Fall 2020 Design Lecture Series
Thu, Sep 17 2020, 5PM - Thu, Nov 12 2020, 8PM
Organized by
The Design Division at CCA
Event description
The Fall Design Lecture series will be presented entirely online and is free and open to the CCA community and the public (by reservation). We invite all to join us for these critical conversations with leading designers, strategists, curators and educators.
Our 8 esteemed guests will be addressing how they use design as a tool of empowerment—to defy and overcome the most pressing issues of our time including racial inequality, bias and exclusion; marginalized communities and practices; environmental catastrophe; and inhumane technological change.
You will learn about inclusive design, ethical AI, practicing with integrity, sustainable fashion, community enrichment, afrofuturism, speculative fiction, and design for social, economic and cultural change.
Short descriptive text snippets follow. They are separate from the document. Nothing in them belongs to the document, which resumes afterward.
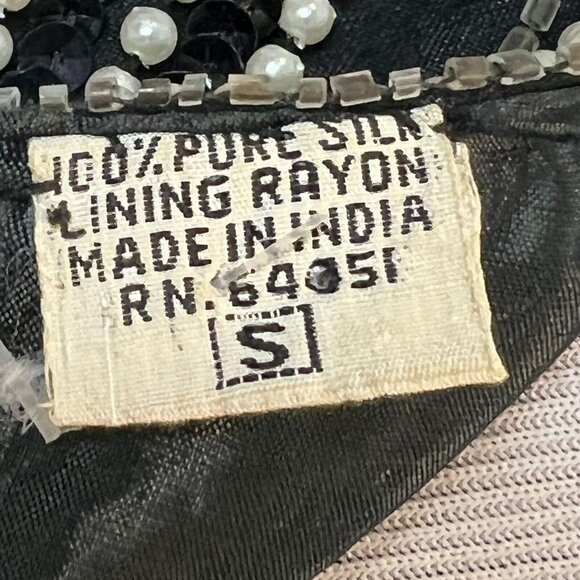 Vtg 80s Beaded Silk Blouse Silk Black White Stripe Small Boxy Oversized - Picture 9 of 11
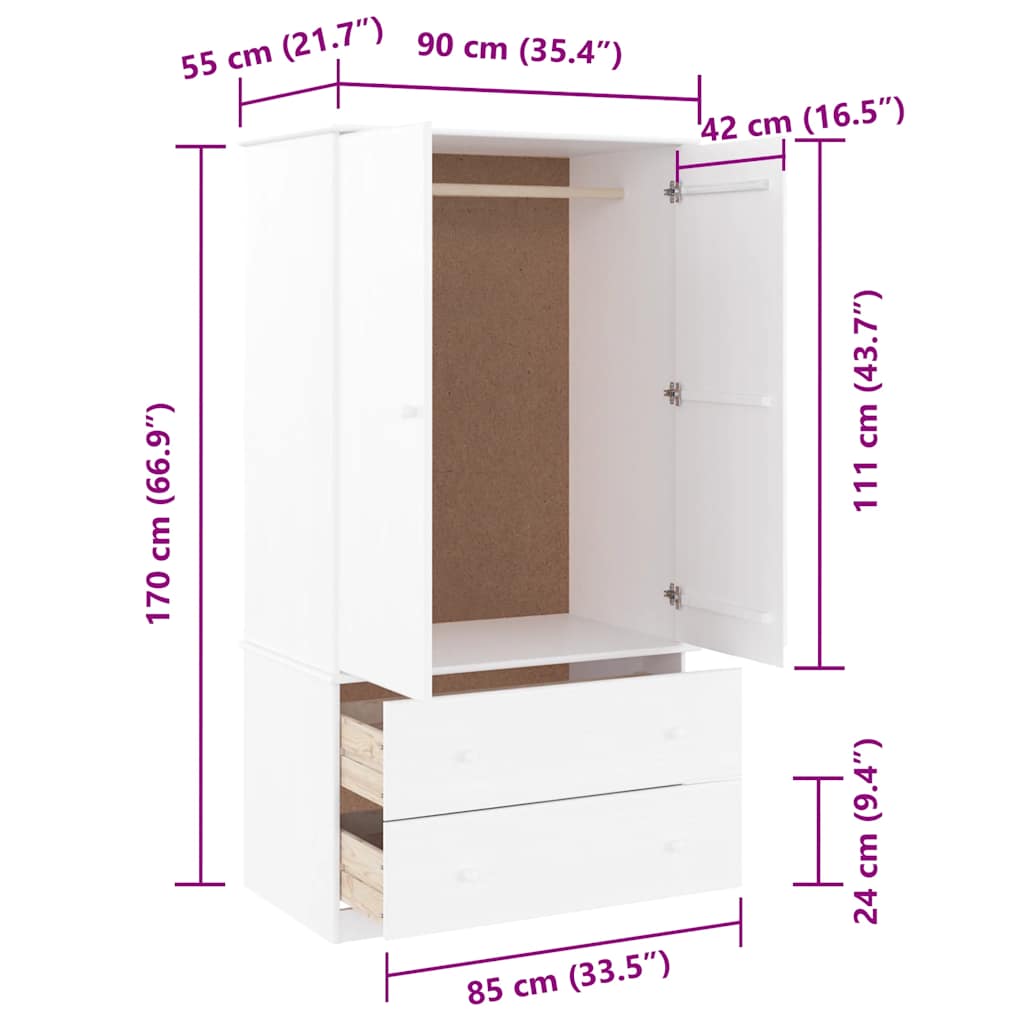 Garderobe ALTA hvit 90x55x170 cm heltre furu
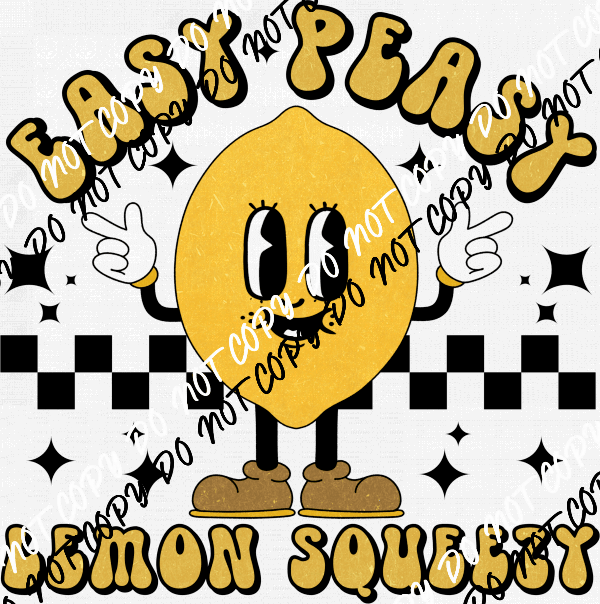 Easy Peasy Lemon Squeezy Checkered DTF Transfer - We Print U Press DTF Transfers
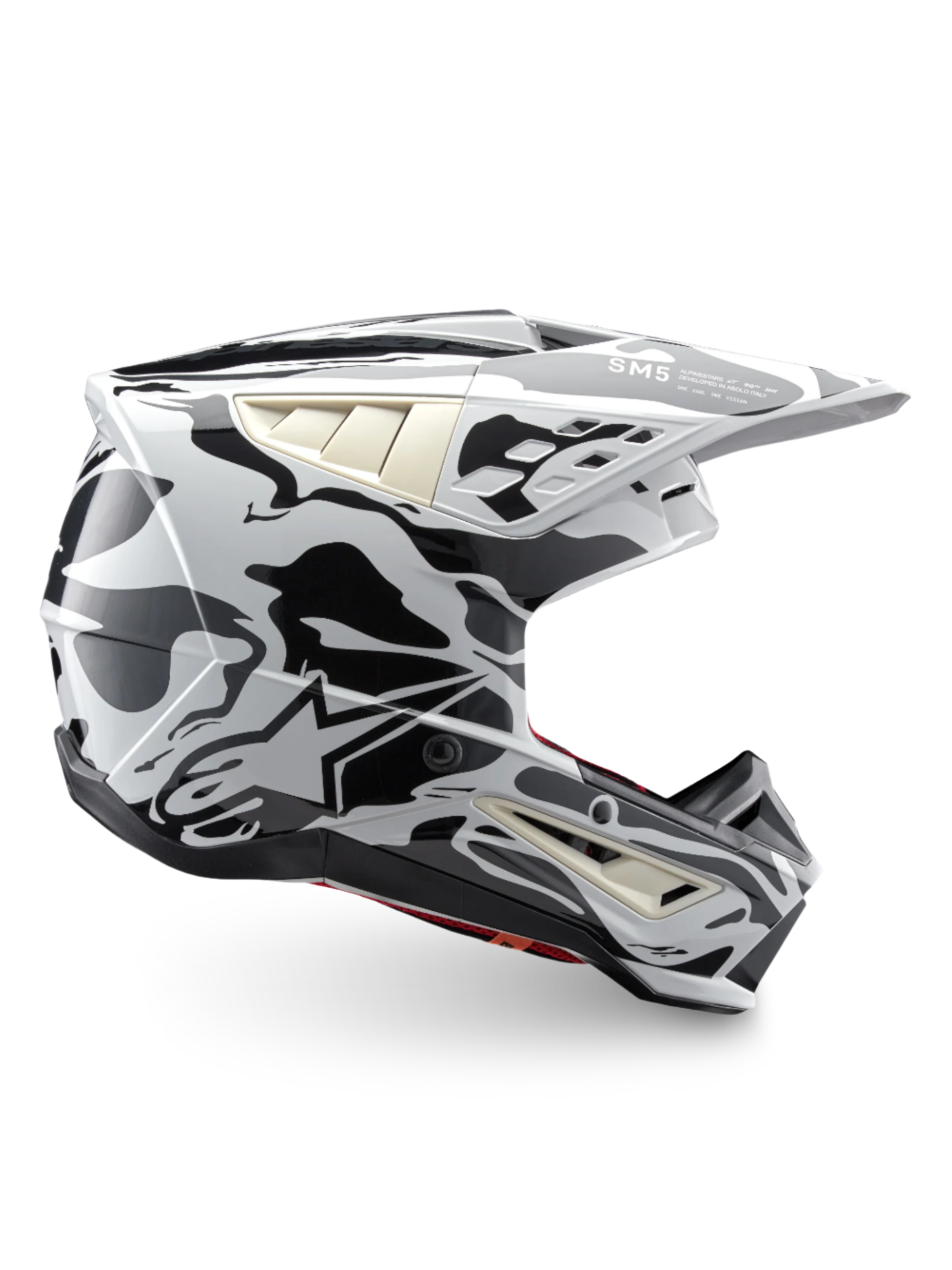 Alpinestars S-M5 Mineral Helmet, Cool Gray and Dark Gray Motocross Helmet, ECE 22.06 certified with camouflage graphic.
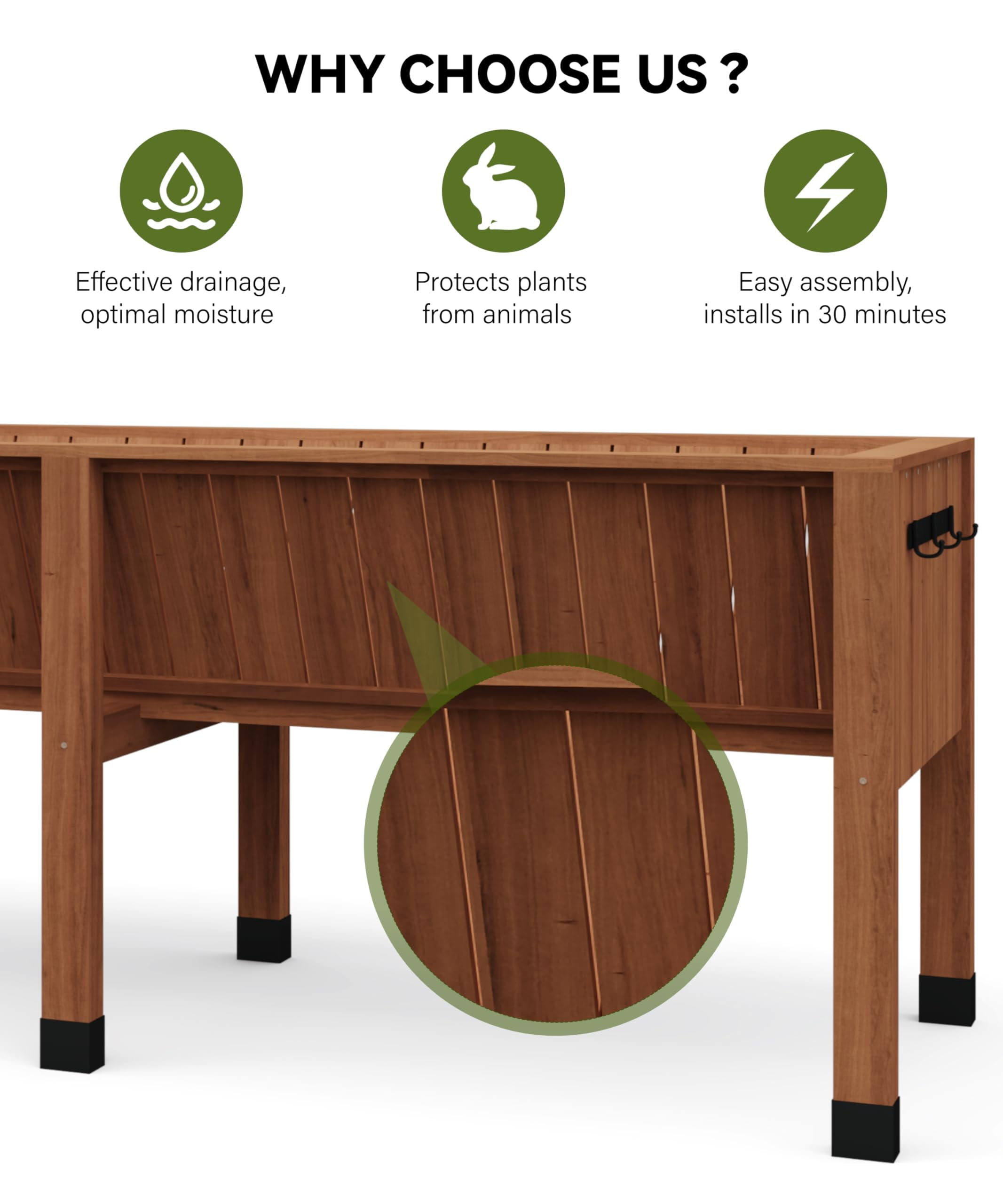 Garvee 72"x26"x31" Elevated Wooden Raised Garden Bed with Storage Hooks for Vegetables,Flowers,Brown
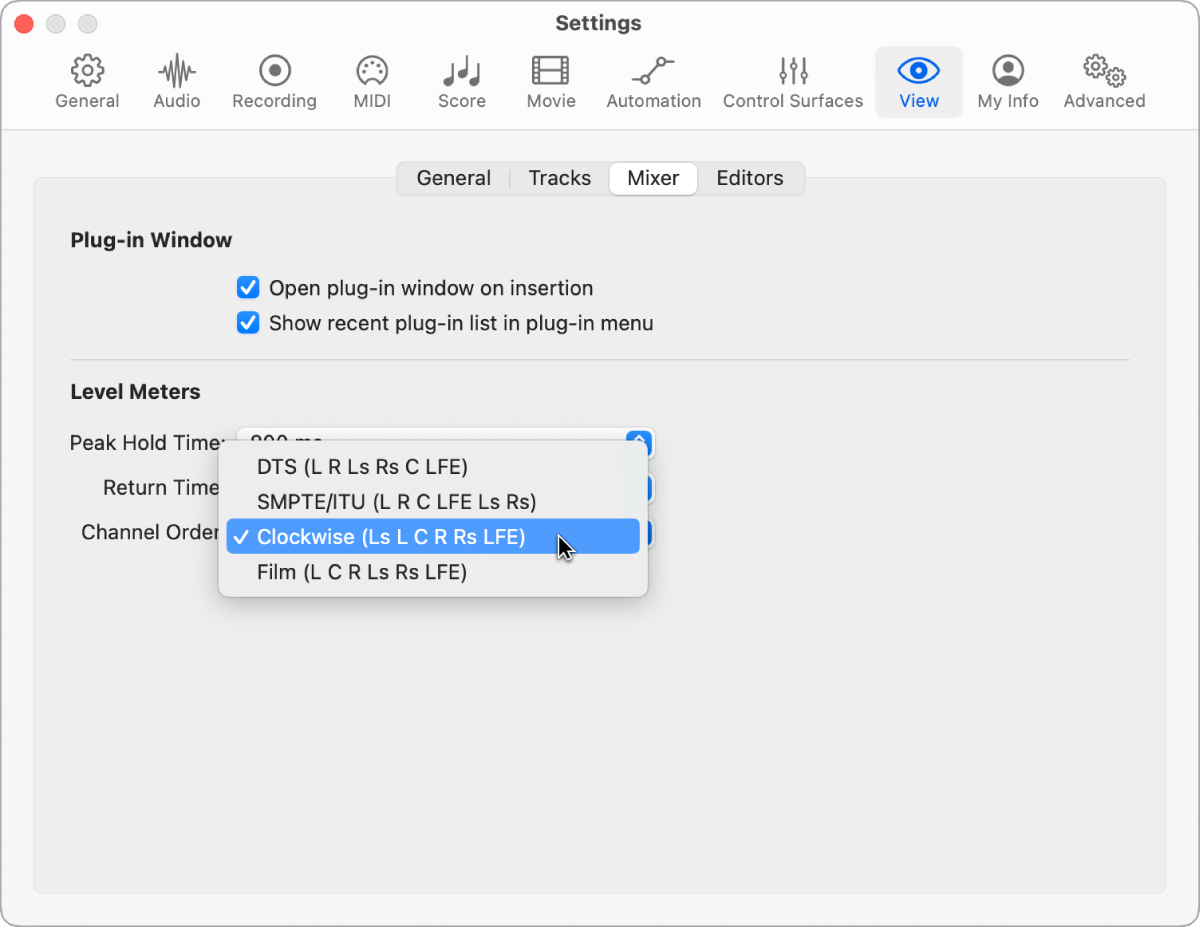 Figure. Mixer View Settings pane.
Lecture recordings will be made available for educational purposes to the CCA community on Panopto
Design Lecture Series Identity Designed by Juan Pablo Rahal
Juan Pablo Rahal is a Brazilian queer graphic designer and performer based in San Francisco CA. Recently graduated from the MFA Design program at California College of the Arts, his work spans a range of efforts and form: from designing books to exhibitions, to performances and brand identity systems.
"Matriarchy [is defined] by an entirely different conception of life, not based on domination and hierarchies, and respectful of the relational fabric of all life." Arturo Escobar
For designing the collateral for the Fall Lecture series 2020, I worked through concepts that could somehow represent my idea of what design is, and how I think it should be approached today—against patriarchy. Heavily inspired by the book "Designs for the Pluriverse" by Arturo Escobar, and thinking how to design a decolonized and matriarchal expression of design; I arrived as WEAVING as the concept to start from. Weaving becomes a metaphor for design, its character to weave different voices and mediums, and an opportunity to express each speaker as a thread—and the eight speakers together as a fabric, or CCA Fall Design Lecture Series 2020, and its respective logo. Each of the threads has colors and patterns that somehow represent each of the speakers. The fabric is also used later as a grid, the kerning of the letters is altered (defying the untouchables standards of European Swiss typography), challenging the viewer to stop for a moment to read the text and composition. Along with the fabric, another element throughout the collateral is the SCRIBBLE. This element also represents design, but in its ability for connectivity: through the scribble, the viewer, reader or player, can connect the different pieces of this puzzle and create by themselves, her/his/their own meanings.